(Caption-style text data)
# # # # #

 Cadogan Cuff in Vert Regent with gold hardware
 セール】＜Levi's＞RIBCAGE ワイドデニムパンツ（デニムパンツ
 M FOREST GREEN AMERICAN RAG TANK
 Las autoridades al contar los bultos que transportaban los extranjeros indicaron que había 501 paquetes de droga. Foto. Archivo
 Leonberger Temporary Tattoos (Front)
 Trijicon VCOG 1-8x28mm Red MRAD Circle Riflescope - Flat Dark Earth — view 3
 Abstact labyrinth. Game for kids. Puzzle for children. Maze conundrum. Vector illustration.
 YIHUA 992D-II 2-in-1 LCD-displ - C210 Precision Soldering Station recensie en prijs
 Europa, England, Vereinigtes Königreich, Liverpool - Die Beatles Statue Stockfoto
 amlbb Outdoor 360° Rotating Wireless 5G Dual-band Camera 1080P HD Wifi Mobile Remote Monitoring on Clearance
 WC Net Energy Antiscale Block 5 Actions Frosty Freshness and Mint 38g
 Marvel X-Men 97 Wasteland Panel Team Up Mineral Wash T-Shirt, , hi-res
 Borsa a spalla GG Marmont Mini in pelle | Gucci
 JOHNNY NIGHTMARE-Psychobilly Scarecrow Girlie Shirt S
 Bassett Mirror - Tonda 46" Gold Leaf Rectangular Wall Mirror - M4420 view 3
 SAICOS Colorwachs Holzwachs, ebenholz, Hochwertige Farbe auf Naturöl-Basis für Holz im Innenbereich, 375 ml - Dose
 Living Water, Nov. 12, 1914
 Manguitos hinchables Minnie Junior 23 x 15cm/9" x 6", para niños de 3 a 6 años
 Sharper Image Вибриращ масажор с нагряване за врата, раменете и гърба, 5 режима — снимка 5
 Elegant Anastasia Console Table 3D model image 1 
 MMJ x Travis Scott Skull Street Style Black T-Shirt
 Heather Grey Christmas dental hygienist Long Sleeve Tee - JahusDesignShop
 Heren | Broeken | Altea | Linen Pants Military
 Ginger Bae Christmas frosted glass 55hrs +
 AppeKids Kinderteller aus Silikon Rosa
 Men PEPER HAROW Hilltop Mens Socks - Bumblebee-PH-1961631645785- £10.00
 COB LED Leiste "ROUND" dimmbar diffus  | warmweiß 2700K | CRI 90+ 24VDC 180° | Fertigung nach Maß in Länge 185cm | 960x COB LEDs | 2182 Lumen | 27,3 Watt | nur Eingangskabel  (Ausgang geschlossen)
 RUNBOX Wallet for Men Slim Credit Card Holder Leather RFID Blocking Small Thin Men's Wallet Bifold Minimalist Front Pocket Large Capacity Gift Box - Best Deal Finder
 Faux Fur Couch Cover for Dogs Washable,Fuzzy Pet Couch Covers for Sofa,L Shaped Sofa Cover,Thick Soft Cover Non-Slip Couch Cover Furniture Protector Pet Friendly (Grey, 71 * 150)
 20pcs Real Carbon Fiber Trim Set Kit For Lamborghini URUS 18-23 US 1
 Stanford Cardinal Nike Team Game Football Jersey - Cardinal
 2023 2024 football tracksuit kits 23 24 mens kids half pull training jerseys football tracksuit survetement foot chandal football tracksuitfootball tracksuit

# # # # #

Copy the lines above exactly, from the very first through the one containing "Abstact labyrinth. Game", and include no other line.

§ Answer to this task
 Cadogan Cuff in Vert Regent with gold hardware
 セール】＜Levi's＞RIBCAGE ワイドデニムパンツ（デニムパンツ
 M FOREST GREEN AMERICAN RAG TANK
 Las autoridades al contar los bultos que transportaban los extranjeros indicaron que había 501 paquetes de droga. Foto. Archivo
 Leonberger Temporary Tattoos (Front)
 Trijicon VCOG 1-8x28mm Red MRAD Circle Riflescope - Flat Dark Earth — view 3
 Abstact labyrinth. Game for kids. Puzzle for children. Maze conundrum. Vector illustration.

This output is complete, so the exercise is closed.